*Task details*. Below are the records; give again exactly the line with "Dior Women' s", the line with "Paraguas Arcoiris Sombrilla", and each line that lies between them, and nothing besides.

Data supplied START

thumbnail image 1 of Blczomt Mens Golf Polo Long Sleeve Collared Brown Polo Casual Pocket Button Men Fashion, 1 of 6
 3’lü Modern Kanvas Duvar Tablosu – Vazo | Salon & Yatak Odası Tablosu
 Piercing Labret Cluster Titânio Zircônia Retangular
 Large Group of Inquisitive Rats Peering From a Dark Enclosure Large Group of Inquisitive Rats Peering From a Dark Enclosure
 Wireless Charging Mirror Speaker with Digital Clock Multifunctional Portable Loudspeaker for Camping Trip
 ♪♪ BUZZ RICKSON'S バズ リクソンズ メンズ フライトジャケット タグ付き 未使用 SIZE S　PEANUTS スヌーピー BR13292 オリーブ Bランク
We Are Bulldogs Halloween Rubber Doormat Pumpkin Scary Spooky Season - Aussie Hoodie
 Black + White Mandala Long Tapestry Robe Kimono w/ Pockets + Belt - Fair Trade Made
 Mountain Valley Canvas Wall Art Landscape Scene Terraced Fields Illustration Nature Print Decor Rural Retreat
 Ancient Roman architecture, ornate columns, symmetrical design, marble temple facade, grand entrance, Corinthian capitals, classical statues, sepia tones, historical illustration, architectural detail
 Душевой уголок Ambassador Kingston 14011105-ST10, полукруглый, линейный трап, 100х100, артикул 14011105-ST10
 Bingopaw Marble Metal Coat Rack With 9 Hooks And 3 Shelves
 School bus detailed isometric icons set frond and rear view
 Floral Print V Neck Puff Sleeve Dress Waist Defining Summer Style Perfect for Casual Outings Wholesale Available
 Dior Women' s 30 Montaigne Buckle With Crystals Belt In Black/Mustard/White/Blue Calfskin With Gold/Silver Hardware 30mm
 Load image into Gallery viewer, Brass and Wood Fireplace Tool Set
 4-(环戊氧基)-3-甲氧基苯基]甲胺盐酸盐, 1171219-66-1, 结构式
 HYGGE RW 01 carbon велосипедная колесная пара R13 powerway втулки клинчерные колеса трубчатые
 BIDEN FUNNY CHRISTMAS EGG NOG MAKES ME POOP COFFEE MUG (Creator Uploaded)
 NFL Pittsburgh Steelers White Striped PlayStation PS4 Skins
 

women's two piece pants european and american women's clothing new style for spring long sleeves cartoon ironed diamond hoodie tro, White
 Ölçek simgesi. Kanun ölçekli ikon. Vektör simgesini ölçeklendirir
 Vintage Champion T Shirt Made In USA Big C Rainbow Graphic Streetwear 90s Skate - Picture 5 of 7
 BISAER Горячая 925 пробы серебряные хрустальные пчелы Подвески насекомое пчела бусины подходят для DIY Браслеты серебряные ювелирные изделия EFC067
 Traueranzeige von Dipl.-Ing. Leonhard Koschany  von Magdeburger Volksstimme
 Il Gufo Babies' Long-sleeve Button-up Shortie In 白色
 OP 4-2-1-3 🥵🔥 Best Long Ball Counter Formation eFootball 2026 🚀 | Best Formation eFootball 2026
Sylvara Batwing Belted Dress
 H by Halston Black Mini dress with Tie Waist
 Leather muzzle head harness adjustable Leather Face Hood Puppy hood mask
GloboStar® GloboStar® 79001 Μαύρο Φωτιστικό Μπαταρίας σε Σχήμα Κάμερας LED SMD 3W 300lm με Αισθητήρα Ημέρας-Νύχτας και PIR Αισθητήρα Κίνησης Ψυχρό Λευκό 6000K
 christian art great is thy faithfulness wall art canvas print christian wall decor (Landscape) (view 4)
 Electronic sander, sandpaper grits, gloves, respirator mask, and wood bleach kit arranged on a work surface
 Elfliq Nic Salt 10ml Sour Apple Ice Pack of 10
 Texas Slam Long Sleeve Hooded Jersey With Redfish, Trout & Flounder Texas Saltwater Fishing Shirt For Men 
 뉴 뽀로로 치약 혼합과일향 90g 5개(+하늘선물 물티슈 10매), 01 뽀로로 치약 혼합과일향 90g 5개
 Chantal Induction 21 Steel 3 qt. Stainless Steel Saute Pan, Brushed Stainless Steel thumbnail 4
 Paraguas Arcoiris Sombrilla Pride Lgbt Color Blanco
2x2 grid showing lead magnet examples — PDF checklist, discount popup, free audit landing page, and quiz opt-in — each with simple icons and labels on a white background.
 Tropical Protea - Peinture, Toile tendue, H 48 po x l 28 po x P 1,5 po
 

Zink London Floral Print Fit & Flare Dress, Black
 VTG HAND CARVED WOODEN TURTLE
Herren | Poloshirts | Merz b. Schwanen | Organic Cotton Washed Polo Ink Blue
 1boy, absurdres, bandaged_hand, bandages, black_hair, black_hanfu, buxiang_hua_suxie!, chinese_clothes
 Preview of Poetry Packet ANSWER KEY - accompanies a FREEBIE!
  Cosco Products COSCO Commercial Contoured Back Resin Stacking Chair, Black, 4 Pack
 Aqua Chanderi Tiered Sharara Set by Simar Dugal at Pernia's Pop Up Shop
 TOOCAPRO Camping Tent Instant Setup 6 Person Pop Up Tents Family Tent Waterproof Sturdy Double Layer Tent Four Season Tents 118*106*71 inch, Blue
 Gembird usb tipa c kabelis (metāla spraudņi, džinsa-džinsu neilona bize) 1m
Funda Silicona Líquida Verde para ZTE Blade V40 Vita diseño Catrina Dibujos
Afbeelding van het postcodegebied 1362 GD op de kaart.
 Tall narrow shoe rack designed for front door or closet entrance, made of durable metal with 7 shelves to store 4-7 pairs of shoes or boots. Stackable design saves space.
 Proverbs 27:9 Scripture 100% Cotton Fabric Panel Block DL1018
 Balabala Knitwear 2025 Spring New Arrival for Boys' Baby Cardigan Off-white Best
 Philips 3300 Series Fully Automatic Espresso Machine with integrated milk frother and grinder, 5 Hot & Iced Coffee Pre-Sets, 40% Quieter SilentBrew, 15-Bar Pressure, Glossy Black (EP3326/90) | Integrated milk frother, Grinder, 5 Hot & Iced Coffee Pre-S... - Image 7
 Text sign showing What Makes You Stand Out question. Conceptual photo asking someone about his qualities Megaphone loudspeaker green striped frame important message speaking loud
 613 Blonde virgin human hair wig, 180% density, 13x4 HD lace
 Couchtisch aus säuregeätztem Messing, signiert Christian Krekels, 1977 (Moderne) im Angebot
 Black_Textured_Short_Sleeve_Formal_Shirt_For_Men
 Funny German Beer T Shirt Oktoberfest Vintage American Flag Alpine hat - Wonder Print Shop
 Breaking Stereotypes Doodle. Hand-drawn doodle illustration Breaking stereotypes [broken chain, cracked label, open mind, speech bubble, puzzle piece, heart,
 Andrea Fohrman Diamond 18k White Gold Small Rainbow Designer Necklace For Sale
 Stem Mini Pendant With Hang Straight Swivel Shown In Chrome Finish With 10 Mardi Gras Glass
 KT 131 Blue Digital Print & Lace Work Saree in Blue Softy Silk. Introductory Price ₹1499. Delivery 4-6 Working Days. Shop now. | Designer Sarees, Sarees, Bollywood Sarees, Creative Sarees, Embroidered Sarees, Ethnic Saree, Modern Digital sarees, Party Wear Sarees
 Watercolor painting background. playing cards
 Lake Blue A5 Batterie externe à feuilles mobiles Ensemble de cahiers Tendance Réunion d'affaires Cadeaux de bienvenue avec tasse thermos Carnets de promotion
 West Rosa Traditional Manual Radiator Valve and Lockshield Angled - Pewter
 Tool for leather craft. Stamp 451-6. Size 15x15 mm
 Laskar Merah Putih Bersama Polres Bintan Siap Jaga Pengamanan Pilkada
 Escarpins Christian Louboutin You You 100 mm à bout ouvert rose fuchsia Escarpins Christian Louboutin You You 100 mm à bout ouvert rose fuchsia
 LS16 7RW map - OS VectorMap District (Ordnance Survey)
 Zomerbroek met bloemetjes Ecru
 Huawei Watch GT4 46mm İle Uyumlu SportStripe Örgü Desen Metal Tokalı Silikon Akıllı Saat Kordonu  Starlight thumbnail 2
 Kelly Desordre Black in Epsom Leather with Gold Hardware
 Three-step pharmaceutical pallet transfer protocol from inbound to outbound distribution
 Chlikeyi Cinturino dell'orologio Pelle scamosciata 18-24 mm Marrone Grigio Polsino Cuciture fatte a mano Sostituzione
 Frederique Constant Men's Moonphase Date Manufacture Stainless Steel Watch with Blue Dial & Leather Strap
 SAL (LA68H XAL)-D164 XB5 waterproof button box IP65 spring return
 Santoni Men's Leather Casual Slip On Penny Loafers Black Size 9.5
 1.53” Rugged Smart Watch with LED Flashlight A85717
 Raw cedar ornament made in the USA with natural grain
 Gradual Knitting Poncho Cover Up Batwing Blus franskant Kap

Data supplied END

*Result*.
 Dior Women' s 30 Montaigne Buckle With Crystals Belt In Black/Mustard/White/Blue Calfskin With Gold/Silver Hardware 30mm
 Load image into Gallery viewer, Brass and Wood Fireplace Tool Set
 4-(环戊氧基)-3-甲氧基苯基]甲胺盐酸盐, 1171219-66-1, 结构式
 HYGGE RW 01 carbon велосипедная колесная пара R13 powerway втулки клинчерные колеса трубчатые
 BIDEN FUNNY CHRISTMAS EGG NOG MAKES ME POOP COFFEE MUG (Creator Uploaded)
 NFL Pittsburgh Steelers White Striped PlayStation PS4 Skins
 

women's two piece pants european and american women's clothing new style for spring long sleeves cartoon ironed diamond hoodie tro, White
 Ölçek simgesi. Kanun ölçekli ikon. Vektör simgesini ölçeklendirir
 Vintage Champion T Shirt Made In USA Big C Rainbow Graphic Streetwear 90s Skate - Picture 5 of 7
 BISAER Горячая 925 пробы серебряные хрустальные пчелы Подвески насекомое пчела бусины подходят для DIY Браслеты серебряные ювелирные изделия EFC067
 Traueranzeige von Dipl.-Ing. Leonhard Koschany  von Magdeburger Volksstimme
 Il Gufo Babies' Long-sleeve Button-up Shortie In 白色
 OP 4-2-1-3 🥵🔥 Best Long Ball Counter Formation eFootball 2026 🚀 | Best Formation eFootball 2026
Sylvara Batwing Belted Dress
 H by Halston Black Mini dress with Tie Waist
 Leather muzzle head harness adjustable Leather Face Hood Puppy hood mask
GloboStar® GloboStar® 79001 Μαύρο Φωτιστικό Μπαταρίας σε Σχήμα Κάμερας LED SMD 3W 300lm με Αισθητήρα Ημέρας-Νύχτας και PIR Αισθητήρα Κίνησης Ψυχρό Λευκό 6000K
 christian art great is thy faithfulness wall art canvas print christian wall decor (Landscape) (view 4)
 Electronic sander, sandpaper grits, gloves, respirator mask, and wood bleach kit arranged on a work surface
 Elfliq Nic Salt 10ml Sour Apple Ice Pack of 10
 Texas Slam Long Sleeve Hooded Jersey With Redfish, Trout & Flounder Texas Saltwater Fishing Shirt For Men 
 뉴 뽀로로 치약 혼합과일향 90g 5개(+하늘선물 물티슈 10매), 01 뽀로로 치약 혼합과일향 90g 5개
 Chantal Induction 21 Steel 3 qt. Stainless Steel Saute Pan, Brushed Stainless Steel thumbnail 4
 Paraguas Arcoiris Sombrilla Pride Lgbt Color Blanco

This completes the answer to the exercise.